Suggestions For the Improvement of Sex Culture in the Education System

Following over 4000 confessions of sexual assault, humiliation and violence through the website Everyone’s Invited we have an excellent moment for evaluating the subjects of education and sexuality. This outpouring of anger and emotion has adjusted the attention of all schools, parents and future parents towards the deep level of suffering inflicted through sexual violence at secondary school. A culture of rape and sexual violence benefits neither man nor woman. I encourage all students to have conversations with women to find out how frequent and painful the experiences of sexual violence are.

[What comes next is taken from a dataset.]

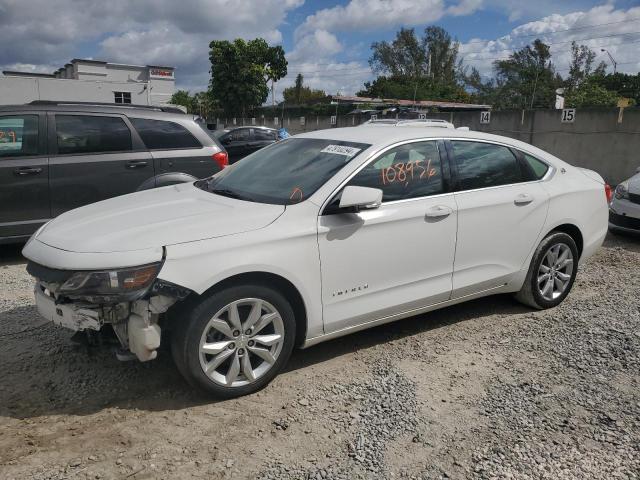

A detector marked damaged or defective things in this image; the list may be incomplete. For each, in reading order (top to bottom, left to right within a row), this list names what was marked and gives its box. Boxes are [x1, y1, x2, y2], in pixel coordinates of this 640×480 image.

front end damage [29, 264, 190, 362]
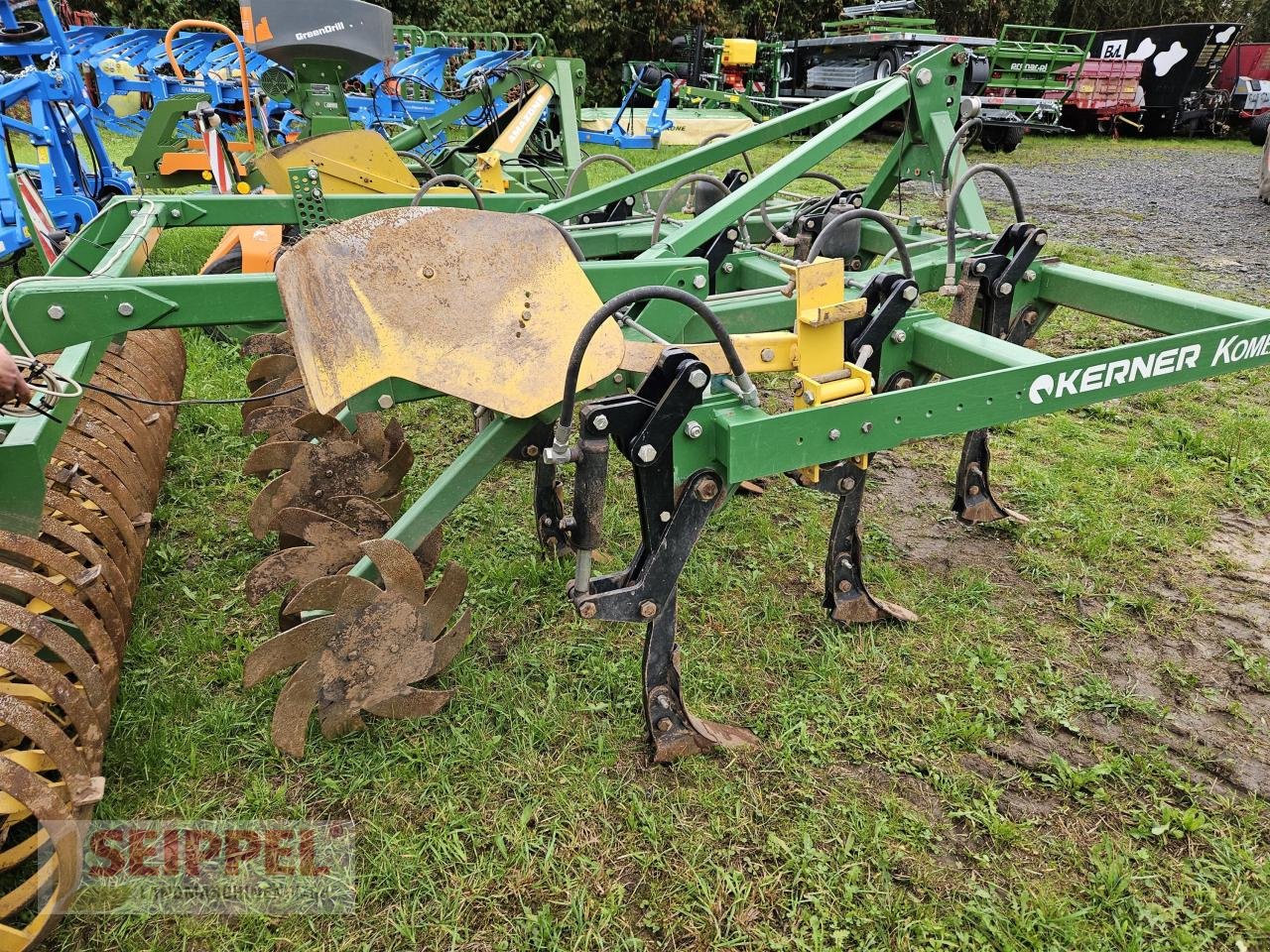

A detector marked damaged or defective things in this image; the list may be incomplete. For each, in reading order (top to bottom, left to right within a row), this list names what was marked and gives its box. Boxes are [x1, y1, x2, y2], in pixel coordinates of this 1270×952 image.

rusty cultivator tine [0, 332, 185, 949]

The fact cultures of sexual violence are taking root within London’s best schools, the very places that are expected to set an example towards the rest of British and global society, is completely unacceptable.

Through the excellent work of Jon Ronson in his book So You’ve Been Shamed we should be wary of expecting internet and media shaming to offer effective leadership in understanding the problems of teenage sex culture. Everyone’s Invited provides source material that can enlighten teachers, parents and students with the feelings of anger hopefully leading towards contemplation and future deterrent, however, deliberation and evaluation will be required to understand the subjects of rape, violence, revenge porn, cyberstalking and sex.

As someone who left KGS in 2014 and has experience campaigning on issues like climate change and cybercrime I’m very aware of the value of honest accounts needed to help mitigate and solve future problems. I will give descriptions and suggestions based on the experience of myself and peers I have talked to. In turn, I have talked with both the LSE and University of Bristol about how to solve their University mental health crises highlighting how unnecessary suffering that leads towards stupid and dangerous behaviour very often stems from a complete ignorance of how the mind and body works. I will strongly suggest schools implement mindfulness meditation studies to provide students with the tools for navigating mental wellbeing and physiology. Not only does mindfulness meditation provide the individual with an ability to read their own psychology and physiology on subjects like sex, anger, love and hate, failure to do so, and a complete lack of school education beyond dreaded sex education classes, leads towards ignorance and vulnerability that will see confused about subjects like sex, thought and physiology look towards domineering peers, reality tv and fictional characters for guidance over how one should lead their sex lives.

Sex plays an exceptionally significant part of the teenagers schooling experience. A friend, recalling his teens, emphasised the hierarchical significance of sex, with individuals gaining status through sexual achievement and through association with the individuals they participate in sexual activities with. Talking from experience sex and romance plays an extraordinarily significant role in the bonding of social groups, providing constant levels of intrigue and entertainment. It is therefore no surprise that at 17, students from a whole host of schools between Hampton Court and Putney attended Greek party islands where sex and alcohol are the two greatest stimulations.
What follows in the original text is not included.